The 41-year-old recently won the German Jazz Award. The jury’s statement reads as follows: Eldh is a »driving force behind the development of a Berlin-Nordic jazz axis«. He can laugh about it because he knows it’s true. Eldh, who grew up with free jazz parents near Gothenburg, has »left his mark« in recent years, especially in the so-called scene and because of his double bass. But also because he hoards samplers and synthesisers to do »crazy things«, as he says.
This craziness has always attracted him. At least ever since his parents dragged him to see Brötzmann at a critical age. After that, it was clear that rebelling against it would be difficult. So Eldh hitched up his trousers to somewhere below his buttocks, listened to hip-hop, made beats—and moved to Copenhagen. »There I studied classical double bass, absorbed the American school and played jazz. Until I felt stuck and moved on. Berlin was like a new beginning for me.«
Distancing from the white man
Eldh was often in Berlin in the 2000s. To dig for vinyl in the original HHV backyard. Or just to party. That was 20 years ago, hard to believe. A broad grin. At any rate, that’s when his love for Berlin and its possibilities began. After all, it was here that Eldh found his way back to hip-hop, sampling and his electronic roots—albeit via detours from which he now distances himself.
»At first I was wandering around the city and discovering all these little clubs,« says Eldh. »There was music everywhere. I just stood there and played.« But the milieu that Eldh calls his »past« soon no longer suited him. Too many white men, too little awareness of their own privilege, made him choose the fire exit.

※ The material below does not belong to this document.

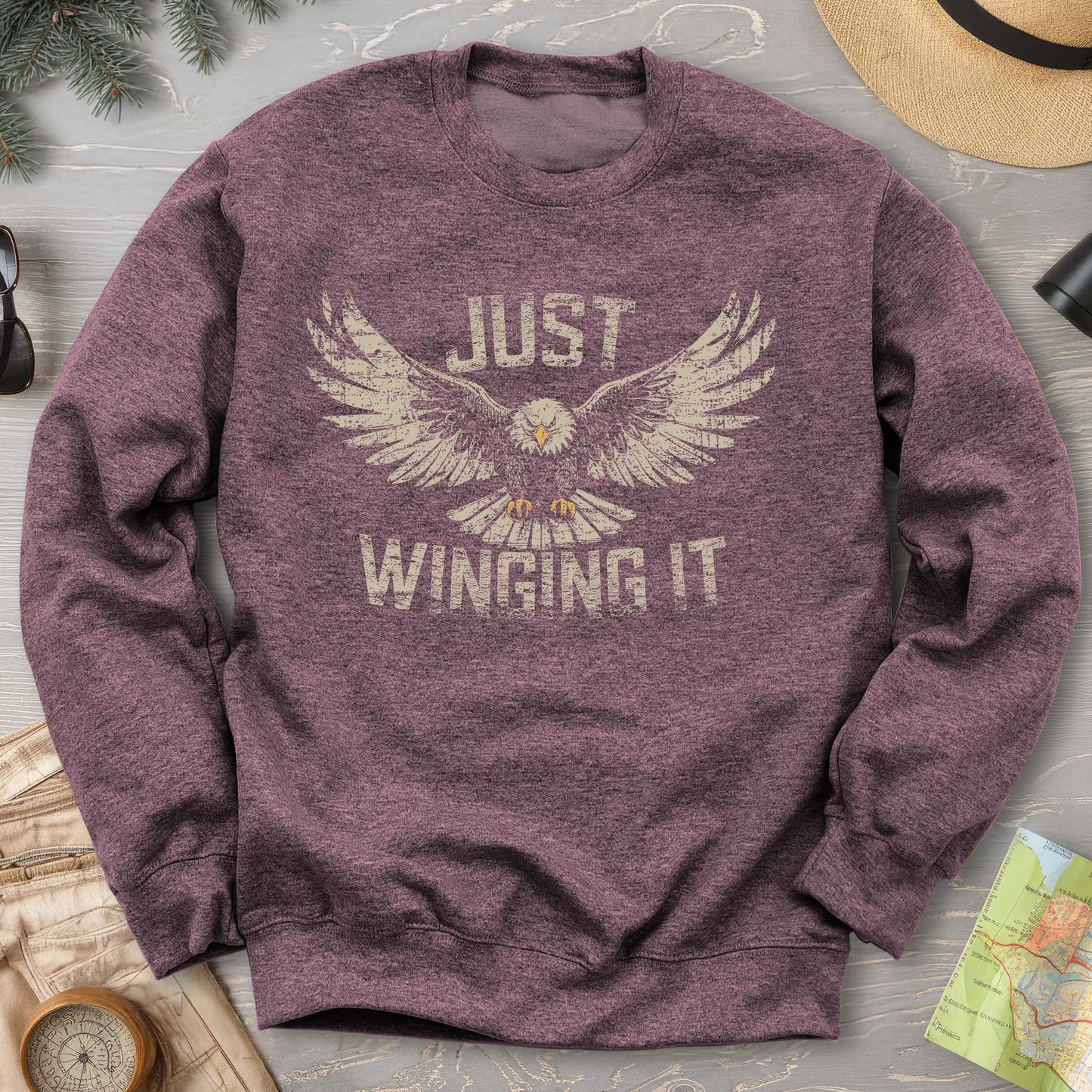 Just Winging It Distressed Sweatshirt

»I don’t think the city did anything to me.«
Petter Eldh
»It was an active choice I had to make,« says Eldh. »But it made me look around again, and to meet more open-minded people.« They come to Berlin from all over, rarely from Berlin itself. »That’s why I don’t think the city has changed me. It was the people who changed me. I found them here, but I could have met them in London or Amsterdam. It was just because I was looking for them.«
Dilla? Crazy shit
In the meantime, Eldh has played on almost 200 albums, for Lucy Railton, Jameszoo or albums on ECM. He plays in groups with some of the biggest names in contemporary jazz: Christian Lillinger, Noah Fürbringer, Lucia Cadotsch. Eldh also works hard on his production skills with his Swedish buddy Otis Sandsjö. Y-Otis play the relevant festivals—the output is called »liquid jazz« for safety’s sake, so that there is a clear distinction between sampling madness and seriousness: The old structures are coagulating.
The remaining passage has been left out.